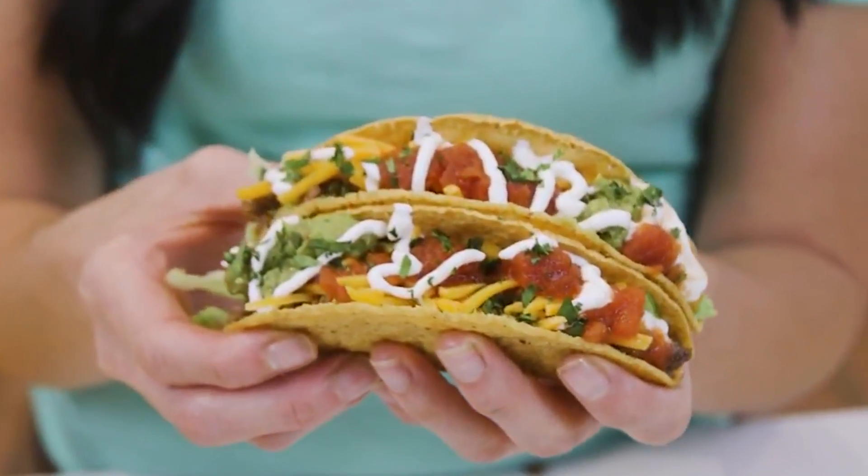In today's video, I want to show you how to brown beef for tacos or your favorite recipes.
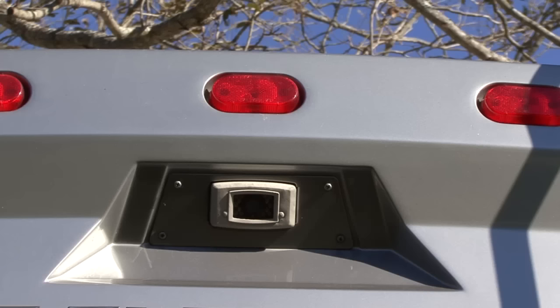Hi, I'm Mark Polk with RV Education 101. When we purchased our RV it came equipped with a backup camera and monitor. Eventually the system stopped working and after some troubleshooting the problem was in the wiring routed through the ceiling. I really like having the camera system on the RV so I started looking for an alternative solution.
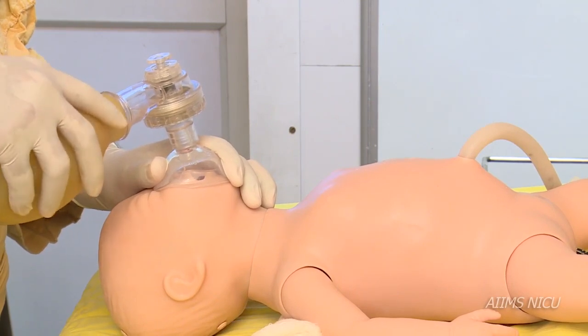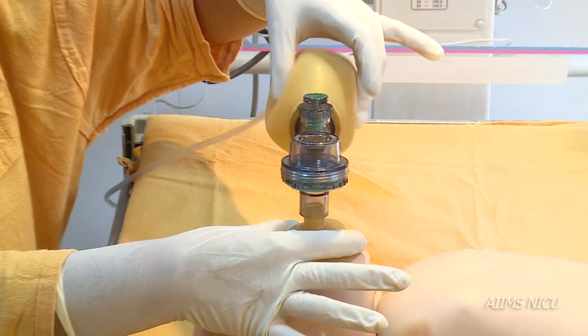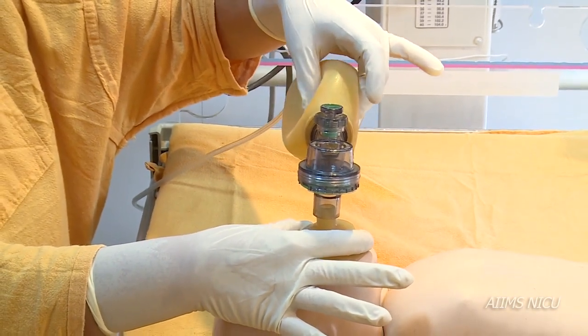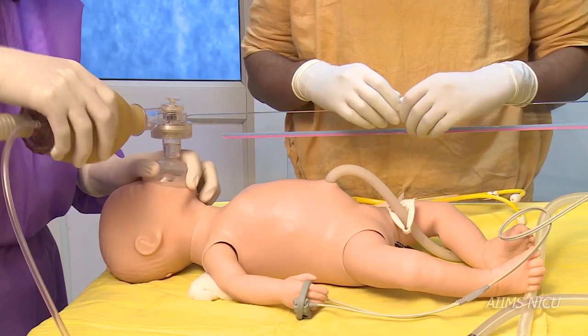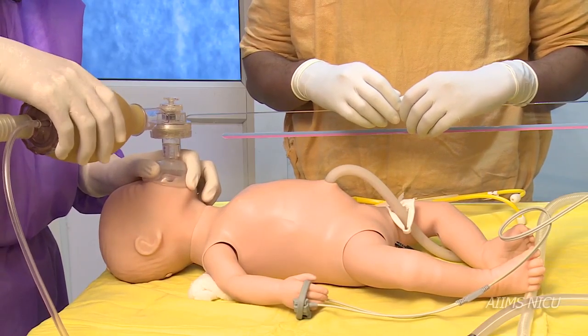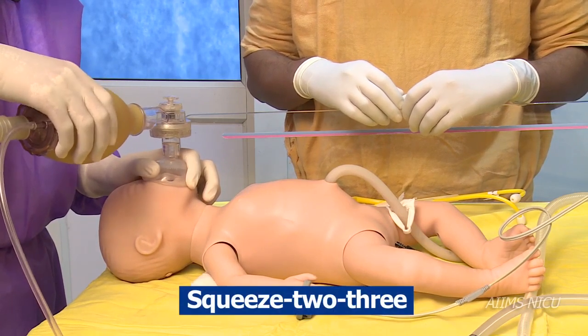Bag and mask ventilation is delivered by squeezing the bag and assessing for effective chest rise. The rate of delivery should be 40 to 60 breaths per minute, achieved by following the sequence: squeeze 2-3, squeeze 2-3, and so on.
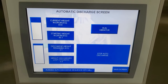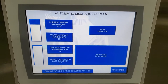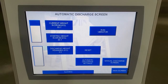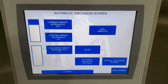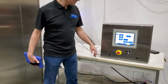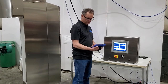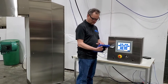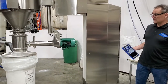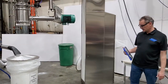0.9 kgs to go. So 33.1 — perfect. I'm going to pull the drum out. It runs the vibrator to take off any extra dust. It starts its return sequence.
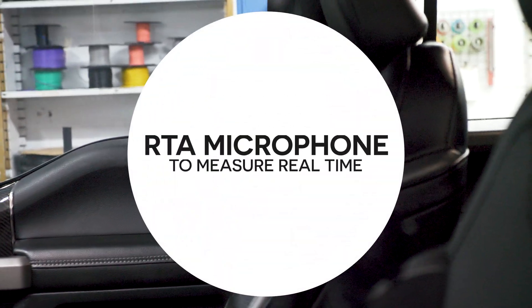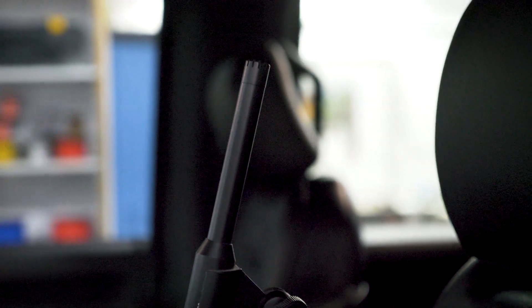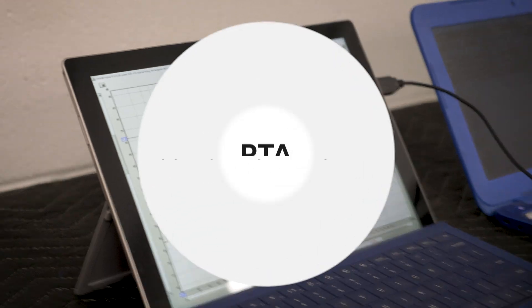I do some EQ on each speaker and I use an RTA to see what I'm doing. There's no way I could do this by ear. I can pick out a few things, but nothing beats being able to see exactly what's happening on a third-octave scale.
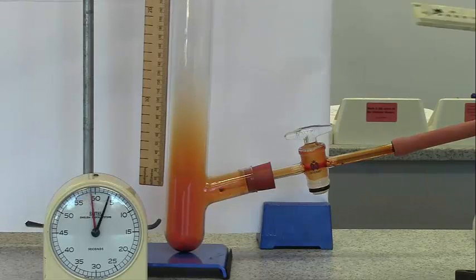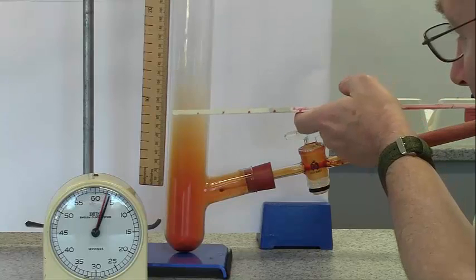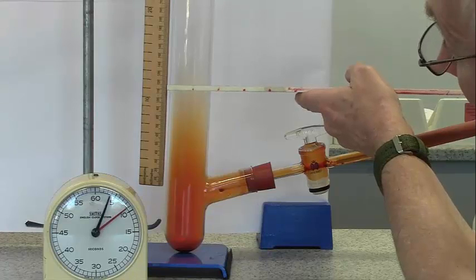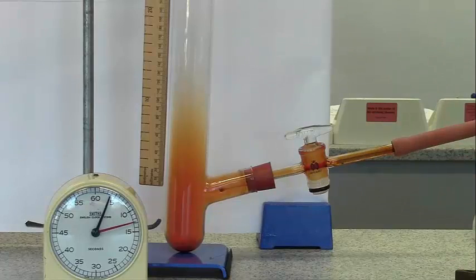And now after three minutes - twice as long - it's probably around here, which is about 12 centimetres. So it doesn't seem to have a constant speed. It seems to be slowing down.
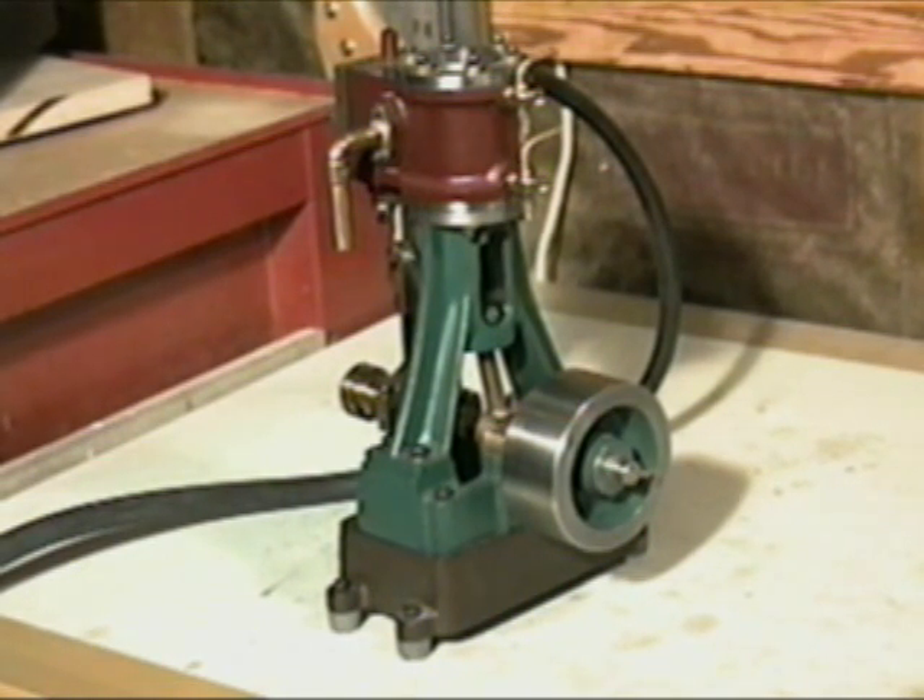This is the ST number 4 engine. It has a bore of one and a half inches and a stroke of one and one quarter inches. It was machined from iron and bronze castings. I've hooked it up to my air compressor and we can watch it run in a little while.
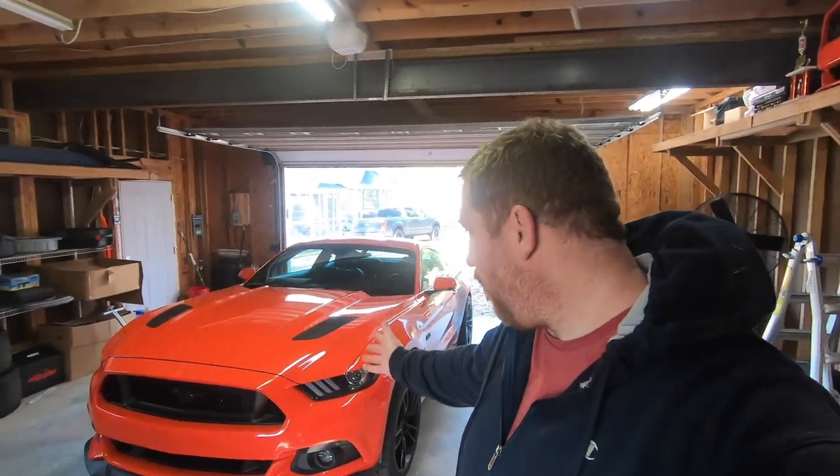Hey everybody, good morning! This is Tyler with Boost Junkie Media, and today I'm going to be bringing you a video where we're going to be installing a set of the OPT-7 running light slash turn signals on the orange S550.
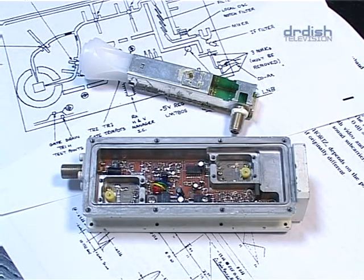How to build a KU band transmitter from an old LNB will be explained next time.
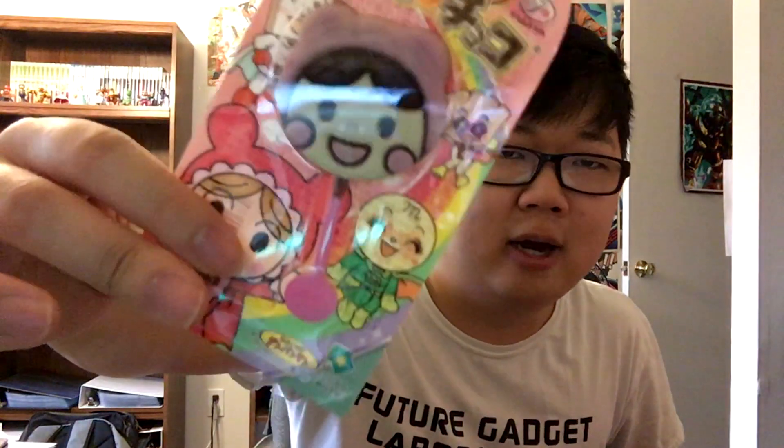I could have gotten Anpanman but I got this girl instead. I don't know who she is, but she's cute. It really is almost too cute to eat — look at that pleasing design. Alright, here we go.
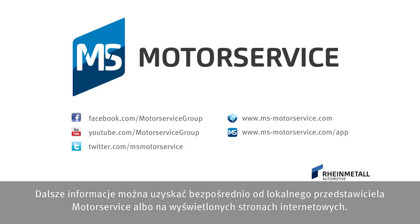For more information, contact your Motor Service partner directly or visit the websites shown.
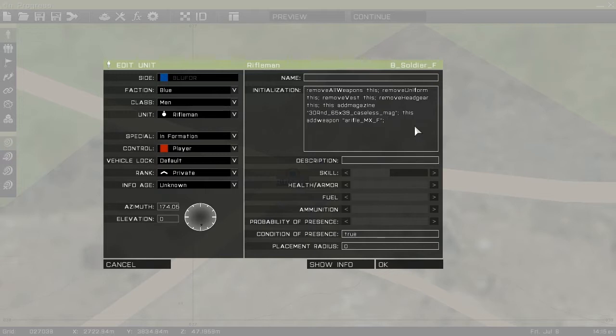Next we'll do the first weapon attachment, so this addPrimaryWeaponItem — open up this — optic, let's put a hammer sight on there, like so. So now there shouldn't be any laser pointer; it should literally be the default rifle with the hammer sight, and the magazine I've added so far is only the one that will actually be in the rifle, so the actual weapon slot.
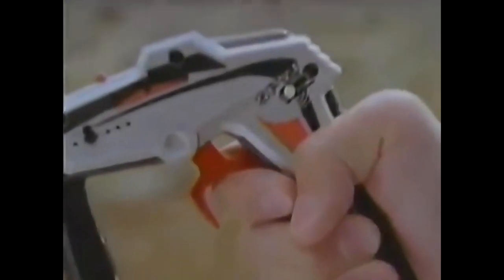Air Hogs Sky Patrol RC Helicopter! Featuring onboard computer and dual rotors! Just charge it up and hit the throttle! You can make it climb to heights of up to 50 feet!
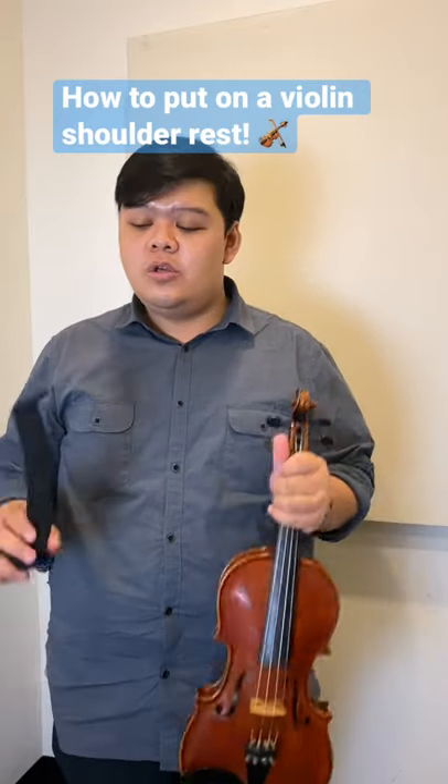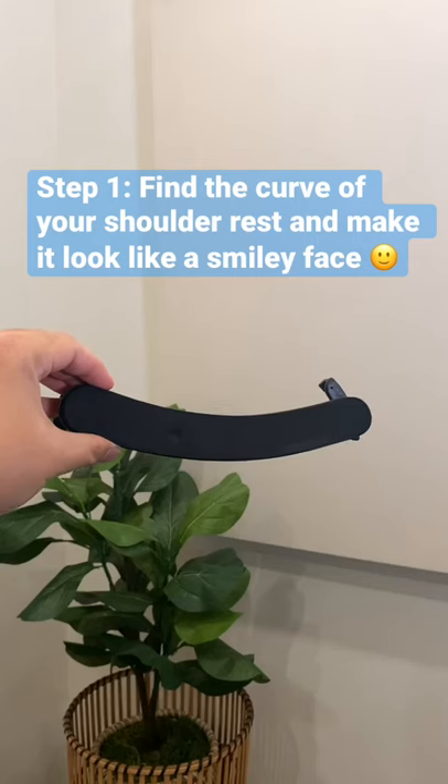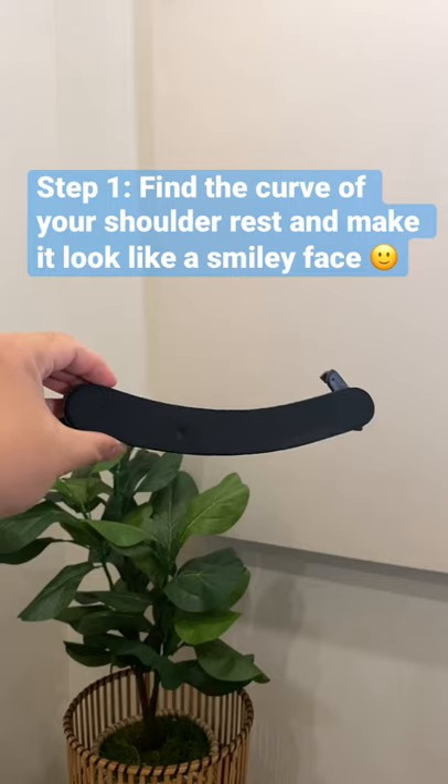Hi everyone! Today I'm going to show you how to put on a shoulder rest for your violin. The first step is to find the curve of your shoulder rest and make it look like a smiley face.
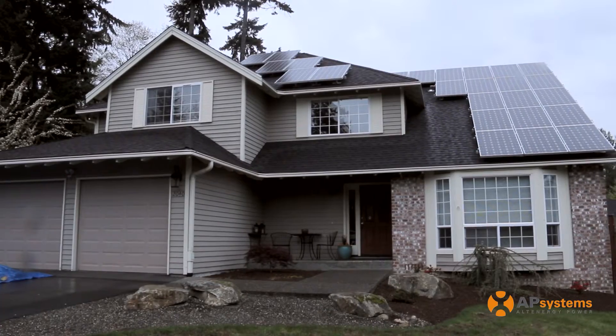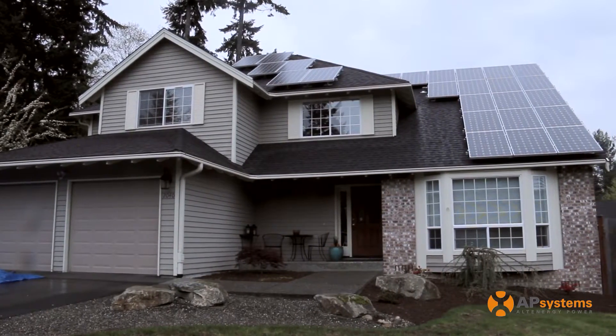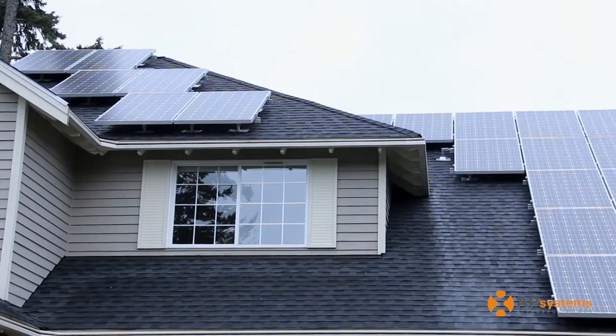My name is John Harley. I'm Vice President of Production for National Solar, and we're looking at a solar system we installed about a year ago up in Washington. A crew of four people took us about five hours to do the installation, maybe an hour to do all the microinverters.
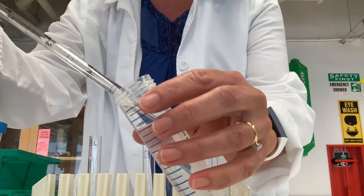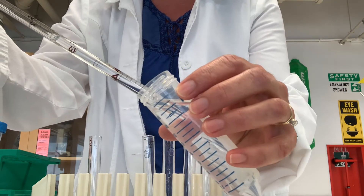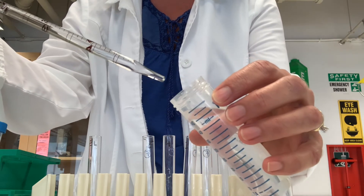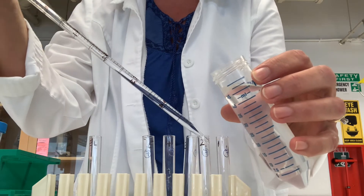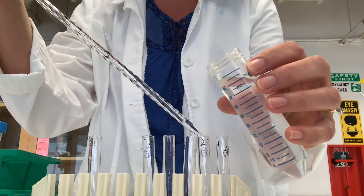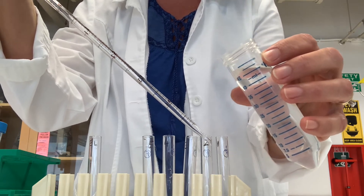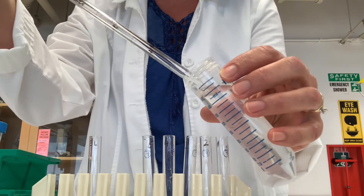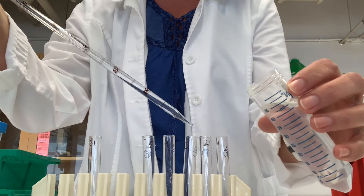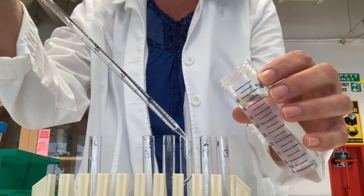I will insert the tip into our water. Notice I'm drawing the liquid up to the two milliliter mark. Remember, these are graduated backwards, so to get three milliliters of liquid, you have to draw liquid to the two mark. Here's the first three milliliters.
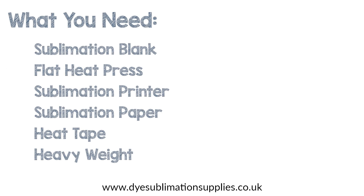What you'll need is the sublimation blank itself, a flat heat press — either a clam or swing away will work for this — a sublimation printer with sublimation ink, some sublimation transfer paper, some heat resistant tape, and a heavy weight that we will use while cooling the blank.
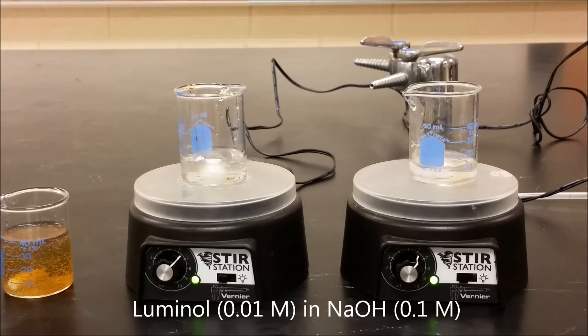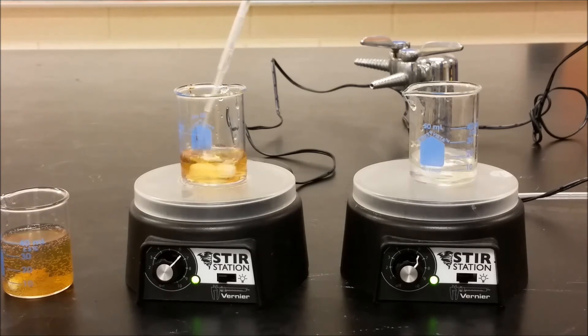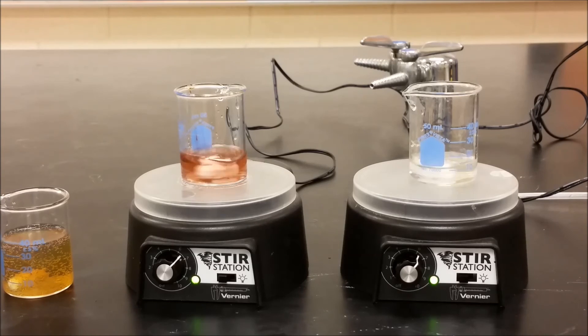Here we have our two sets of luminol mixtures, and we're going to add silver nanoparticles just to the one. I'm going to turn the lights off, and we're going to add potassium ferricyanide to both at the same time to see if we can distinguish between the luminol chemiluminescence.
______________________________
• **The problem**
Word for word, retype the lines in the entries above that run from the one with "I could have" through the one with "For more information, contact". Both ends count; pictures do not.

• **Answer box**
I could have gotten Anpanman but I got this girl instead. I don't know who she is, but she's cute. It really is almost too cute to eat — look at that pleasing design. Alright, here we go.
For more information, contact your Motor Service partner directly or visit the websites shown.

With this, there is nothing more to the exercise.